(PROBLEM DETAILS): Only the lines below from the one with "Two people walking" through the one with "Pre-owned Nili Lotan" are to be written out, exactly and without any images.

*** DATA LISTING ***

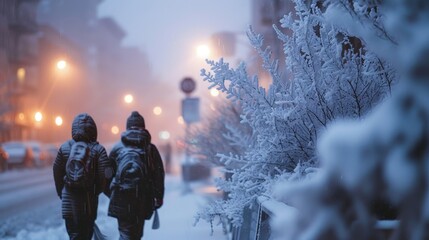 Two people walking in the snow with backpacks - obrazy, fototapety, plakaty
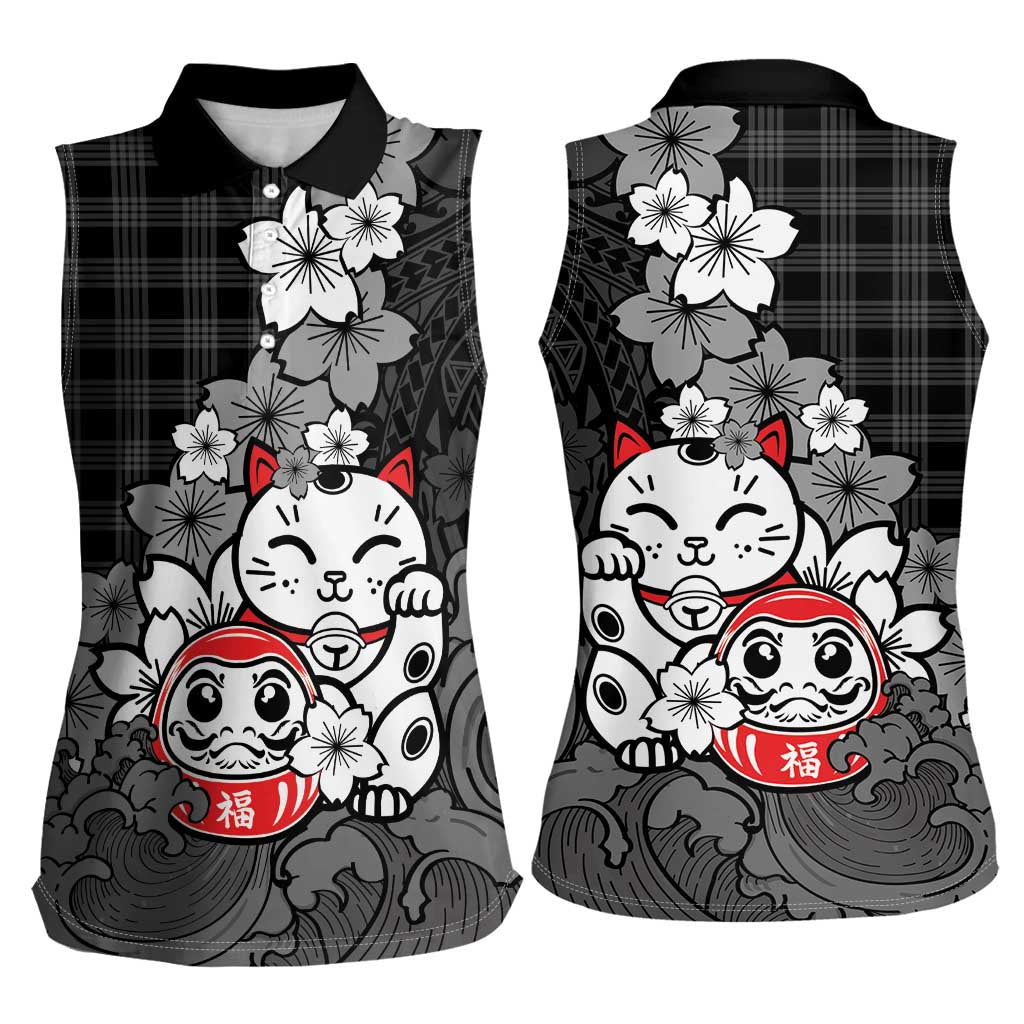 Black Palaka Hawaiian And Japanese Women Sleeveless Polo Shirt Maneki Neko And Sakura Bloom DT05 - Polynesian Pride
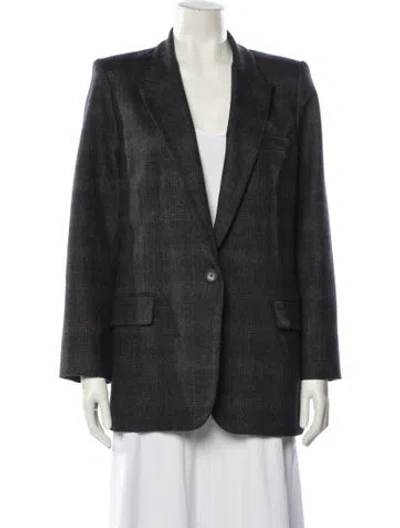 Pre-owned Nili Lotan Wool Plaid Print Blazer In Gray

*** End of DATA LISTING ***
*** DATA LISTING ***

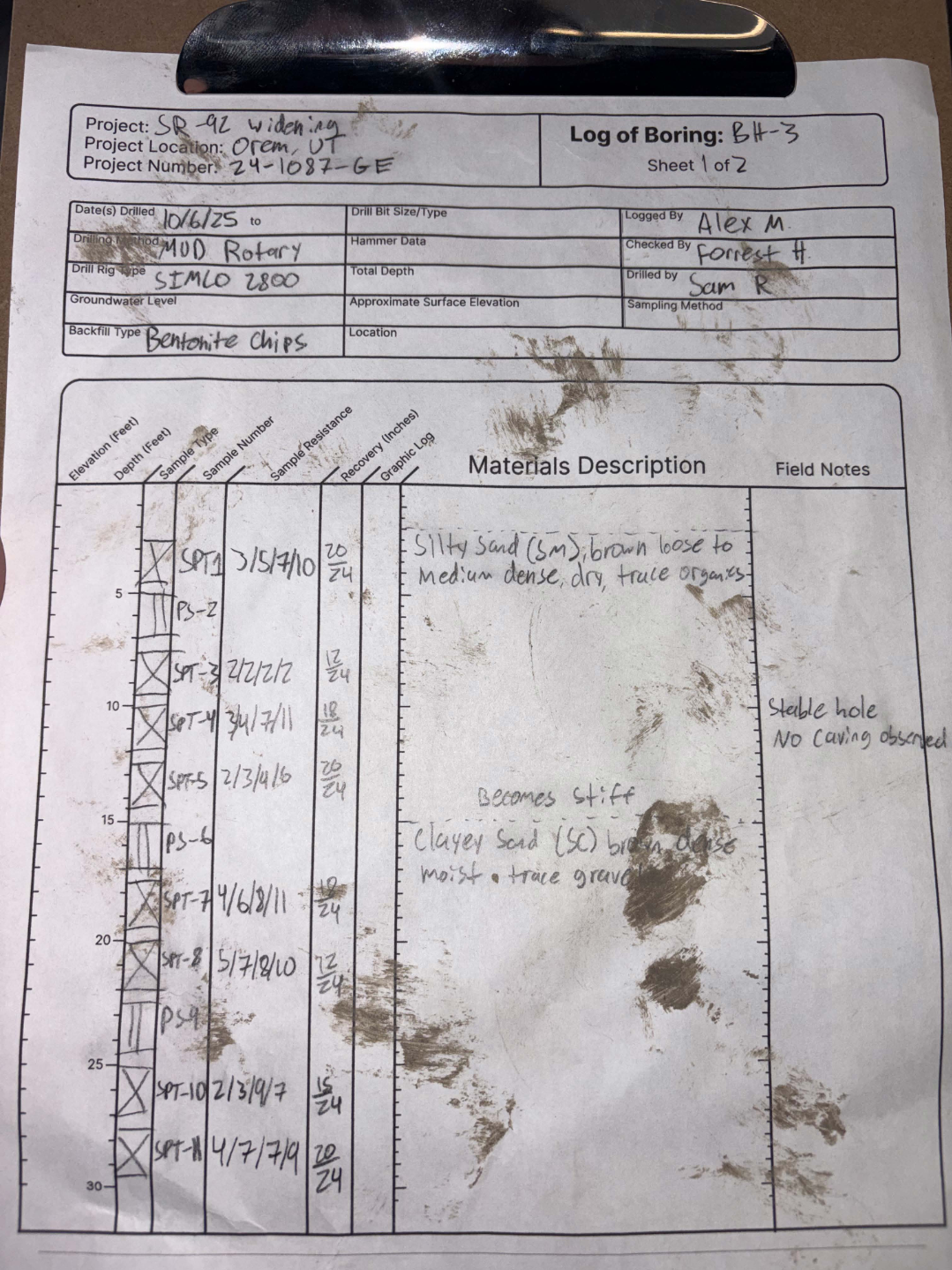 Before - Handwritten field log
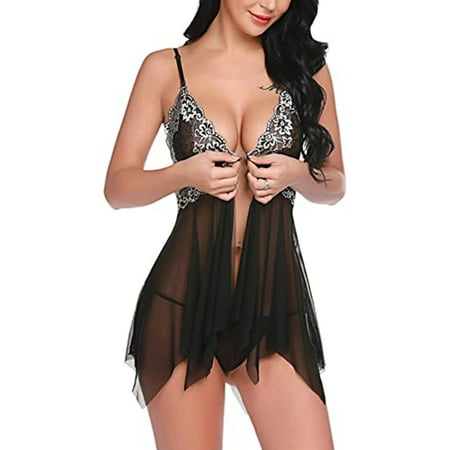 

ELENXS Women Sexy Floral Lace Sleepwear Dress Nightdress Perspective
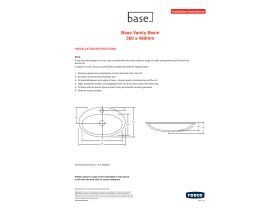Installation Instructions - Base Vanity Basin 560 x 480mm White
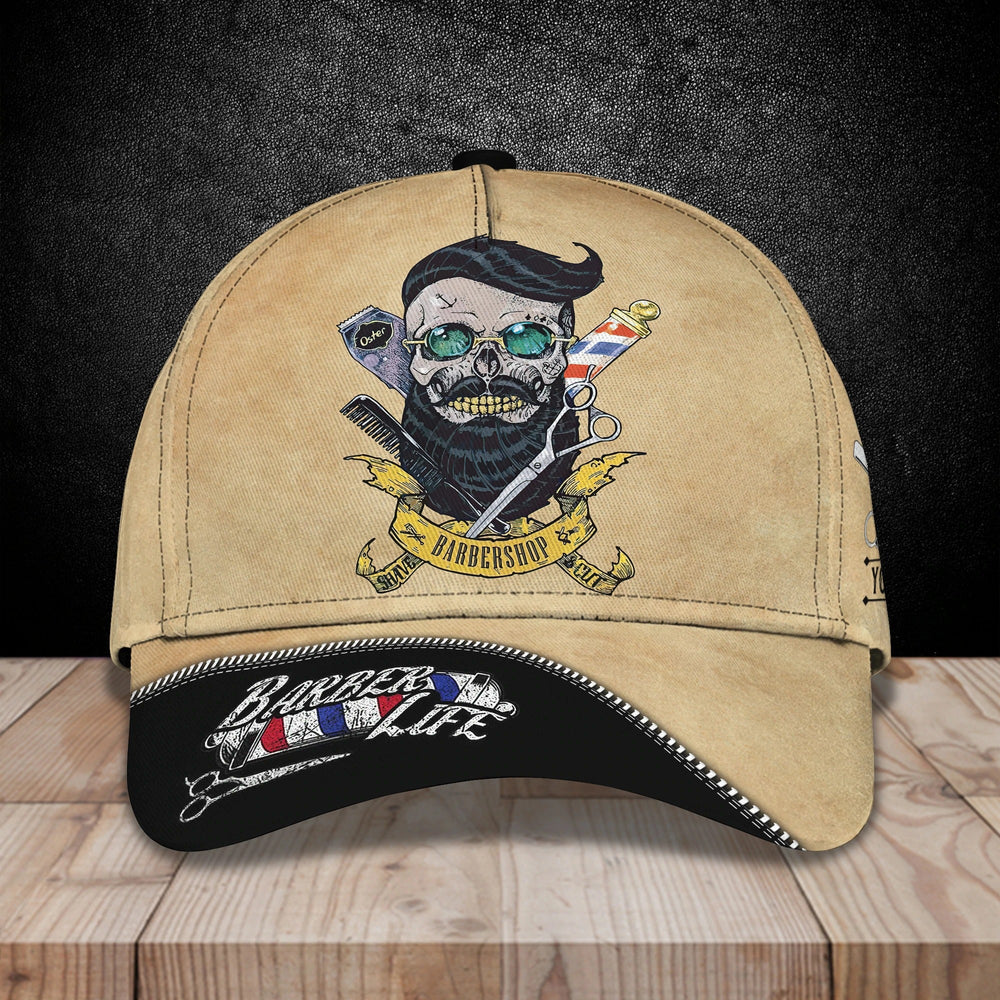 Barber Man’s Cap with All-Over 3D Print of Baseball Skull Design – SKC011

*** End of DATA LISTING ***
*** DATA LISTING ***

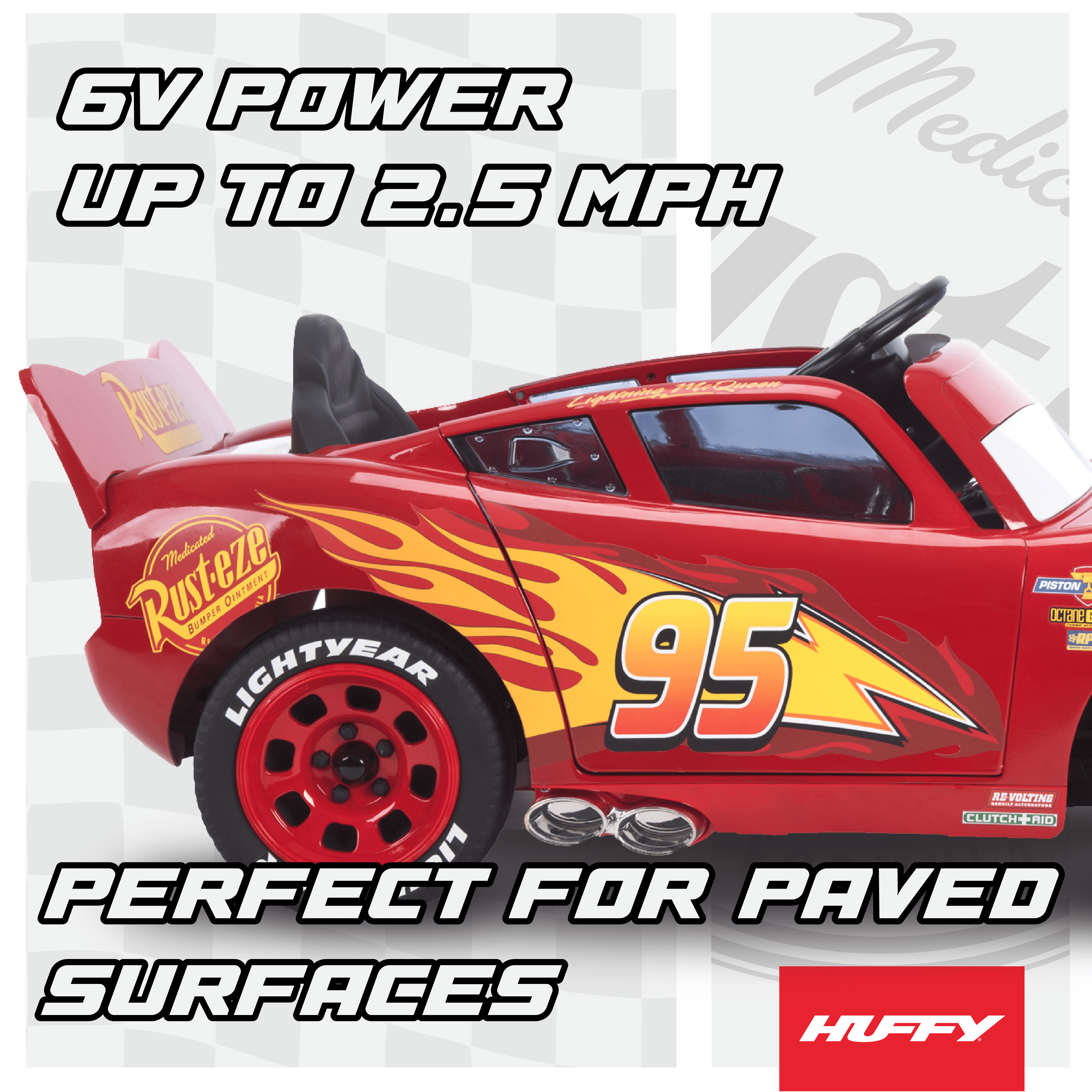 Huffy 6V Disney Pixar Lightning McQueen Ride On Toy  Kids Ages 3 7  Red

*** End of DATA LISTING ***

(TASK RESULT):
 Two people walking in the snow with backpacks - obrazy, fototapety, plakaty
 Black Palaka Hawaiian And Japanese Women Sleeveless Polo Shirt Maneki Neko And Sakura Bloom DT05 - Polynesian Pride
 Pre-owned Nili Lotan Wool Plaid Print Blazer In Gray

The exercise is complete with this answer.